Mehr und mehr börsennotierte Unternehmen sind gründergeführte Unternehmen. Nicht zuletzt das niedrige Zinsumfeld um die Jahrzehntwende hat dazu geführt, dass viele junge Unternehmen den Gang an die Börse durchgeführt haben. Doch bis zu einem IPO ist es ein weiter und oft herausfordernder Weg für Unternehmen. Die Transition von einer Unternehmensgründung zu einer erfolgreichen Nachfolge ist ein komplexer und vielschichtiger Prozess, der sorgfältige Planung und strategisches Handeln erfordert.
Generell lässt sich der Übergang in folgende Phasen einteilen:
- Gründungs- und Aufbauphase: „Ich als Gründer übernehme alle Aufgaben selbst.“
Die Anfänge des Gründerdaseins sehen in der Regel so aus: Der Gründer übernimmt alle Aufgaben selbst. In dieser Phase liegt der Schwerpunkt auf der Etablierung des Geschäftsmodells, dem Aufbau von Strukturen und der Gewinnung von Marktanteilen. Der Gründer ist oft die zentrale Führungsperson, die Vision und Richtung vorgibt. Auch die ersten Personen, die dann eingestellt werden, sind Generalisten, die einem Schweizer Taschenmesser gleichen und alle möglichen Aufgaben übernehmen, ohne eine konkrete Funktionsabgrenzung zu haben. Der Übergang von Start-up zu Scale-up ist dann schnell fließend.
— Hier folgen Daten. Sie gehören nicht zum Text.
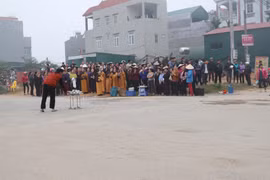 Người dân thôn Trung Nguyên, xã Trung Nguyên tập trung tại nơi xảy ra tai nạn vụ xe khách lao vào đoàn người đưa tang để làm lễ, cầu nguyện... (Ảnh: Nguyễn Trọng Lịch/TTXVN)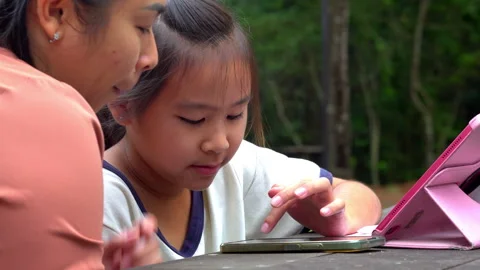 Asian mother teaching and helping her primary school daughter with homework Stockbeeldmateriaal 333663902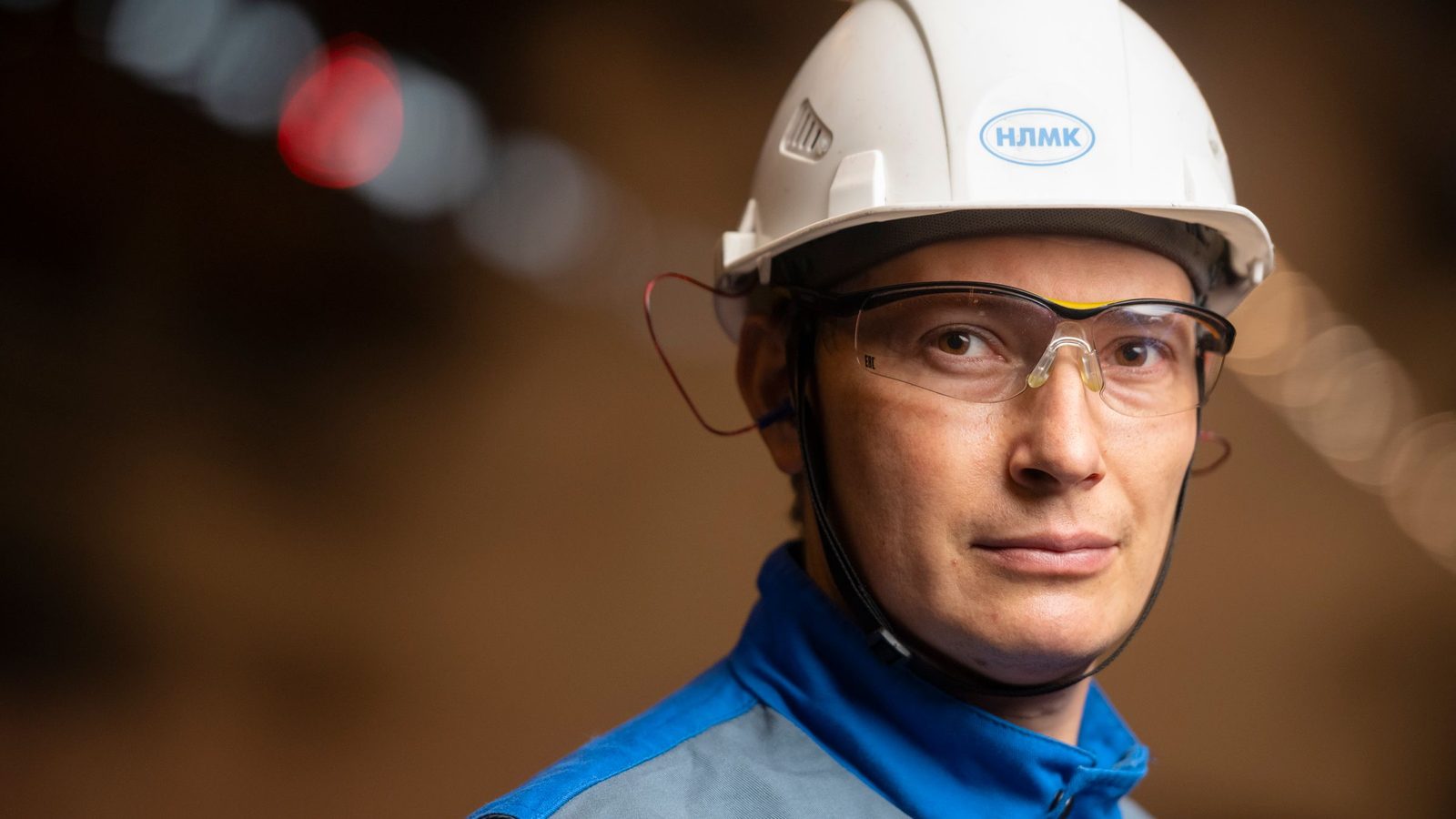 Confident male engineer wearing safety helmet and goggles in industrial setting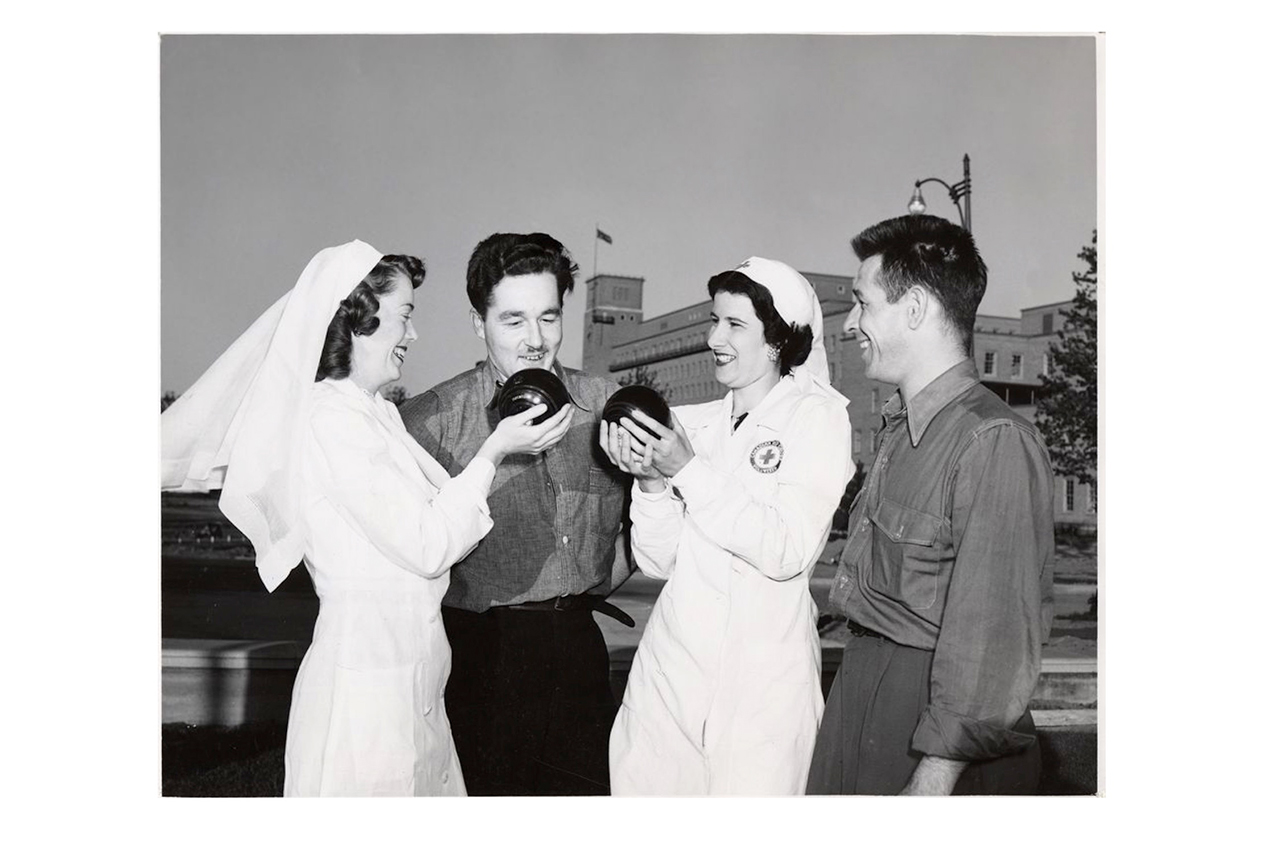 Red Cross Volunteers lawn bowling with veterans. 1950.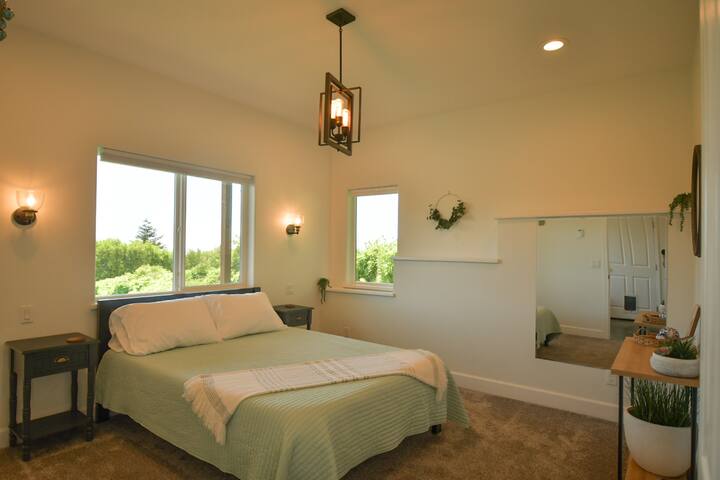 Primary bedroom with queen size bed and private walk-in-closet and restroom attached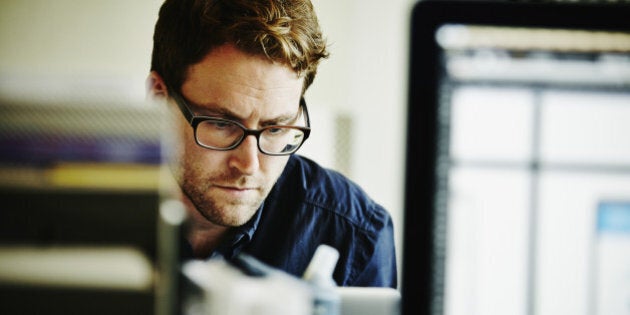 Businessman working on project on laptop in startup office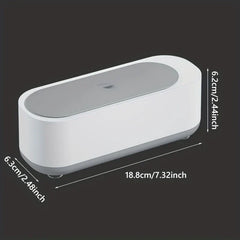 Dimensioned front view of a white and gray eyeglass cleaner machine on black background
- Wachstumsphase: „Wir delegieren die Aufgaben an Mitarbeiter.“
Hier wächst das Unternehmen sowohl in Bezug auf Marktpräsenz als auch auf Personal. Führungsaufgaben werden zunehmend delegiert, und die Unternehmensstruktur wird komplexer. Der Gründer ist nicht mehr bei jeder Einstellung involviert und kennt eventuell auch nicht mehr jeden Namen der Mitarbeiter. Das ist normal und auch gut so. Denn anders kann keine Reifung der Organisation entstehen. Neben den eigenen, ersten Mitarbeitern kommen oftmals durch Venture Capital-Investoren in dieser teilweise sehr frühen Phase des Unternehmens weitere Stakeholder hinzu, deren Interessen beachtet und bedient werden müssen.
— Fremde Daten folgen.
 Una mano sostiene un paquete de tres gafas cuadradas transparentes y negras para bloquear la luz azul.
Viele Gründungsteams erfahren in dieser Phase ein weiteres Phänomen: Sie erkennen nicht den Unterschied zwischen Wachstum und Skalierung. Die unbequeme Wahrheit ist, dass die Arbeitsweise eines Start-ups mit 50 oder 100 Mitarbeitern grundlegend anders ist als die Arbeitsweise mit 150 oder 250 Mitarbeitern.
Warum ist dies so? Weil die organisatorische Komplexität exponentiell zunimmt, selbst wenn die Mitarbeiterzahl linear wächst. Eine Organisation, die mit 50 oder 100 Mitarbeitern gut organisiert und effektiv war, entwickelt sich spätestens ab 150 Mitarbeitern sehr schnell zu einem bürokratischen, statischen und verwaltenden Apparat. Mehr und mehr wird das Thema Talent dabei zu einer Herausforderung. Haupthindernis für Scale-Ups bei der Suche nach Talenten ist der Mangel an qualifizierten Kandidaten auf dem Arbeitsmarkt für bestimmte Profilgruppen, insbesondere aus den Bereichen MINT, Ingenieurwesen und Entwicklung. Diese Gruppe wird nicht nur von Scale-ups, sondern auch von Unternehmen aller Größen umworben. Dies führt umso mehr zu einem Ringen um Talente, da ein kleinerer Talentpool besteht.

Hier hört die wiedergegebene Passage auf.